How does M3 compare to Claude Opus 4.8 for agentic coding?

Opus 4.8 is better on raw coding quality (69.2% vs 59.0% SWE-bench Pro) and has dynamic workflows for parallel agent orchestration. M3 is 4.5× cheaper, has native multimodal, and MSA makes long contexts faster. Use Opus for the hardest tasks, M3 for sustained autonomous work where cost matters.

Can M3 run for 12 hours like the ICLR demo?

Yes, if your infrastructure supports it. The 1M context window and MSA architecture are designed for exactly this. The limiting factor is your agent loop implementation, not the model.

Is 59% SWE-bench Pro good enough for production agents?

It depends on your tolerance for errors. 59% means M3 resolves about 6 in 10 GitHub issues autonomously. For tasks with a test suite that catches failures, this is fine — the agent retries until tests pass. For tasks without automated verification, you may want Opus 4.8’s higher reliability.
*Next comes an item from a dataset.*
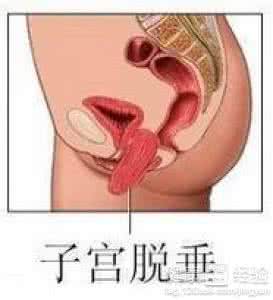 如何治疗子宫脱垂 子宫脱垂 如何治疗子宫脱垂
What about the computer use capability?

It works but is less mature than Claude’s (87.1% OSWorld). Use it for visual verification and simple UI interactions. For complex browser automation, Claude Opus 4.8 is more reliable.

How does the cost compare to running my own agent on DeepSeek?

DeepSeek V4-Pro is ~6× cheaper per token ($0.435/$0.87 vs $0.60/$2.40). If you do not need multimodal or computer use, DeepSeek is the better value for pure coding agents. M3’s advantage is the combination of multimodal + long context + computer use in one model.